UITGANGSPUNTEN VOOR BELICHTING


Wanneer er gewerkt wordt aan de belichting van een voorstelling, is het uitgangspunt dat de voorstelling ondersteund wordt. Een goede belichting voegt iets toe aan de voorstelling, zorgt er voor dat de betekenis en bedoeling van het stuk versterkt wordt. De belichting is een visuele ondersteuning van de voorstelling als geheel. Dit houdt in dat in het ontwerp de juiste keuzes gemaakt moeten zijn ten aanzien van de belichte plaatsen, personen en voorwerpen, en dat deze gedurende de juiste tijdstippen in de juiste hoeveelheid licht met de juiste kleur gebruikt zijn. Dit geheel moet daarbij dan weer in een juiste compositie staan. De belichting hoort daarmee dan de stemming te onderstrepen of aan te geven. Deze eigenschappen zouden in ieder ontwerp terug te vinden moeten zijn, en vormen een leidraad bij het maken en beoordelen van een ontwerp. Uit het ontwerp moeten dan de keuzes in relatie tot de voorstelling duidelijk af te lezen zijn. Dit houdt niet in dat er geen subtiele belichtingen gemaakt zouden kunnen worden, maar wel dat bij nadere beschouwing duidelijk moet zijn waarom een keuze is gemaakt voor subtiliteit.

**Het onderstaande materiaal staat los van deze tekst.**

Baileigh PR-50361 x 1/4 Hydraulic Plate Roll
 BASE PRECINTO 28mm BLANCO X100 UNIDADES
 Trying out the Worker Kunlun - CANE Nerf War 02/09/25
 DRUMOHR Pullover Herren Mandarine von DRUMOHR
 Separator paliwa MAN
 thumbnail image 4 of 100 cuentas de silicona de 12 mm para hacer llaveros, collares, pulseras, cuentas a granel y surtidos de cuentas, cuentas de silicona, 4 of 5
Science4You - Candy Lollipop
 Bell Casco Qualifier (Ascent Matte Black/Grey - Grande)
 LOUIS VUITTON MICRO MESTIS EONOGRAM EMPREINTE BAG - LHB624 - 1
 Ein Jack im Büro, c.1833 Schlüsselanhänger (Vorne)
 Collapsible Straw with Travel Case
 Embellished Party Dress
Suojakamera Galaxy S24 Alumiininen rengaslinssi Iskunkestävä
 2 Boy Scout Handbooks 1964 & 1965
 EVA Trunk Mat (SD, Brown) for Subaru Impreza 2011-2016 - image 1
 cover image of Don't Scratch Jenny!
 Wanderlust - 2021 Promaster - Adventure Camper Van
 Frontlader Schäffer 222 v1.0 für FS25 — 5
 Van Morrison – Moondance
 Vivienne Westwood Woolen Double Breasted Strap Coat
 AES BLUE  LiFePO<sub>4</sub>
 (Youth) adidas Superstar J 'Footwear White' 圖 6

De juiste zichtbaarheid van hetgeen op toneel te zien is, is vaak het belangrijkste uitgangspunt bij het ontwerp. Alles hoeft daarmee zeker niet in het licht te baden, vaker komt het de zichtbaarheid van een bepaald deel van het toneel ten goede wanneer er gebruik gemaakt wordt van een summiere of een duistere belichting. Hoewel de zichtbaarheid een belangrijk gegeven is voor de lichtontwerper, is zijn uitgangspunt het donker. Uitgegaan wordt van een volledig donkere ruimte waar belichting in aangebracht wordt. Daarbij wordt dan zoveel licht gebruikt als nodig is, niet minder, maar zeker ook niet meer. Het is dus zeker niet zo dat er van te voren uitgegaan wordt van een grote hoeveelheid licht, alleen wanneer mocht blijken dat een bepaald ontwerp veel licht nodig heeft wordt daar voor gekozen.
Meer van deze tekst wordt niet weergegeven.